Syntactically/visually, Lisp code is no harder to maintain than C once you've worked in it awhile. After the editor indents stuff correctly, you don't even see the parentheses any more, just the logical structure.
What he said was that Yahoo Store didn't contain any Java. Both what he said and what you said could be true. Do you have knowledge of the Yahoo store code base?
... since on-line store building is no longer rocket science. After Graham showed how it ought to be done, on-line store building became a solved problem, and hence boring. Thus, it needed to be redone in languages more suited to use and maintenance by less brilliant developers. Let's face it, 99% of IT work has to be doable by the average programmer.
I would argue that everything should be done in Lisp... the first time.
1. Macros. Like Graham, I can't explain why Lisp macros are the greatest thing since sliced bread in this small space. Suffice it to say macros make it possible for Lisp to absorb nearly any semantic innovation in any other language, without losing any of its current character. Lisp was invented before structured programing - we implemented macros for IF, WHILE, and LOOP, and went on. Lisp was where a lot of the early research for object-oriented programming was done, because it's so easy to prototype new languages inside it.
2. A real specification. Like most of the new languages du jour, Python is defined by a portable implementation, and as such it will be a long time before sufficient effort can be applied to make it as efficient as any of the commercial Lisps that compile to native code, on-the-fly, cross-platform, cross-OS, cross-whatever. Both Common Lisp and Scheme have real specifications, vetted by international authorities (ANSI and IEEE, respectively), so implementors have a non-moving target when they need to get down to the metal for the last factor of two (or ten) in performance.
Did you miss the footnote that addresses this issue?
3. All languages are equally powerful in the sense of being Turing equivalent, but that's not the sense of the word programmers care about. (No one wants to program a Turing machine.) The kind of power programmers
care about may not be formally definable, but one way to explain it would be to say that it refers to features you could only get in the less powerful language by writing an interpreter for the more powerful language
in it.
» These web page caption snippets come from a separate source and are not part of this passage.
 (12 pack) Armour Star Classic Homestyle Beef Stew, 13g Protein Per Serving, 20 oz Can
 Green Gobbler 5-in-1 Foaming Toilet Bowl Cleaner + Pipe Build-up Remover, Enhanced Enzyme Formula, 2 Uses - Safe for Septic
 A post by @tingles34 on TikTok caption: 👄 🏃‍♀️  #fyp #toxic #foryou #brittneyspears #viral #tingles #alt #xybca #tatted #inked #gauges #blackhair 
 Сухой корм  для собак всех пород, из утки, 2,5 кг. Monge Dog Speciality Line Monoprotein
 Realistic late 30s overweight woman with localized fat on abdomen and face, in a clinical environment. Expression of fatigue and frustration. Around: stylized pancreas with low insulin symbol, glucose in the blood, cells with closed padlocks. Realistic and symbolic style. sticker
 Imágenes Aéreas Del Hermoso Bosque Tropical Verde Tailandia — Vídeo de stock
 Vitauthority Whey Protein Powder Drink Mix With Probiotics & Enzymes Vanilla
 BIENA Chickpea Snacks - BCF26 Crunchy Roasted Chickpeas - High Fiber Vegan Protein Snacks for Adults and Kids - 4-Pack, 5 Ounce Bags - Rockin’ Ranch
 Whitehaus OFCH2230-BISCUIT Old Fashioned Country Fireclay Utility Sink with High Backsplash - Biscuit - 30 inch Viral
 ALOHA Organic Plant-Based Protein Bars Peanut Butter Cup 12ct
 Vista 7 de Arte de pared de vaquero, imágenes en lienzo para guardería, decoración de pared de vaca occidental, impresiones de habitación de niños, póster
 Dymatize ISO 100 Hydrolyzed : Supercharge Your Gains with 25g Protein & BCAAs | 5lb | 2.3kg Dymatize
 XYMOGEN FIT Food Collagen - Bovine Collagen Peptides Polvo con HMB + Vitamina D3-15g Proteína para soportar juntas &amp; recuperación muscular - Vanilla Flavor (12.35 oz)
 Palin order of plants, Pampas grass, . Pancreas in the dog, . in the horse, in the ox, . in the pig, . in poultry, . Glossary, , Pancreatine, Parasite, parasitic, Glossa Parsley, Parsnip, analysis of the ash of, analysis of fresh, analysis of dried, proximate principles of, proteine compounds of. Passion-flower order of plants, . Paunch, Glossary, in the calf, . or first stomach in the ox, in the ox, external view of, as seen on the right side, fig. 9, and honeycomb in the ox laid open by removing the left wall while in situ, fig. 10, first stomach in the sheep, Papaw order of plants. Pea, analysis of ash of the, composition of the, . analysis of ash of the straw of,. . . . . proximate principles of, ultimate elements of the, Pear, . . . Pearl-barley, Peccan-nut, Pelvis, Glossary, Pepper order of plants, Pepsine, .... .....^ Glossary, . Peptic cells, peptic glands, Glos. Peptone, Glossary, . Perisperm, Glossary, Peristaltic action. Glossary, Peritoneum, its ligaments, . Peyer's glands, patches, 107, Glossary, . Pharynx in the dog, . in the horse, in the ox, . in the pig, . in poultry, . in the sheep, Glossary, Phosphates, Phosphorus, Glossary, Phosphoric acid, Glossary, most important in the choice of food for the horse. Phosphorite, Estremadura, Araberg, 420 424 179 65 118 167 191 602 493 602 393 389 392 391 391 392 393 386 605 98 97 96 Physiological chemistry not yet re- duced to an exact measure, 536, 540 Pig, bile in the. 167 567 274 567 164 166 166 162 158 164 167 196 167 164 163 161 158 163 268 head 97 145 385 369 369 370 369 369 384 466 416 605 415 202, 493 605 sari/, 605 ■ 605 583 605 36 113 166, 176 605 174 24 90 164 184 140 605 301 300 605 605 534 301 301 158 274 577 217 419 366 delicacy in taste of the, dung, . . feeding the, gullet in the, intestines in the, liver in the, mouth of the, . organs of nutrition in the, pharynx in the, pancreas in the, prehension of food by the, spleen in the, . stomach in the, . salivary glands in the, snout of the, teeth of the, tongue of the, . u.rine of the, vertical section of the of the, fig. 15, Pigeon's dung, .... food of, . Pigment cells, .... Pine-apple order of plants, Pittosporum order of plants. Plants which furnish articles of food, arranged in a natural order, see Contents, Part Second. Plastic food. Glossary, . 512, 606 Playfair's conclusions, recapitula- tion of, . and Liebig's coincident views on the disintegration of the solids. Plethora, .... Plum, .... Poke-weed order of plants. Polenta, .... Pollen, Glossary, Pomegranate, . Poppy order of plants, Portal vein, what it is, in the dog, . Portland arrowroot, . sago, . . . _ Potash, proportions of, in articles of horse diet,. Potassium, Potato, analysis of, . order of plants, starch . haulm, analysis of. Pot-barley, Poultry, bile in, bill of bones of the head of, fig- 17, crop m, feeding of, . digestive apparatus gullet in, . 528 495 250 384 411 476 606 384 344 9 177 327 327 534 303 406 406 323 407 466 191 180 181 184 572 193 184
If language A has an operator for removing spaces from strings and
language B doesn't, that probably doesn't make A more powerful, because
you can probably write a subroutine to do it in B. But if A supports, say, recursion, and B doesn't, that's not likely to be something you can fix by writing library functions.
Graham may be opinionated, and you may not like his opinions, but he's not ignorant.
Getting out to non-Lisp libraries is doable, but harder than just linking stuff (the fact that we call them "foreign function interfaces" should tell you something).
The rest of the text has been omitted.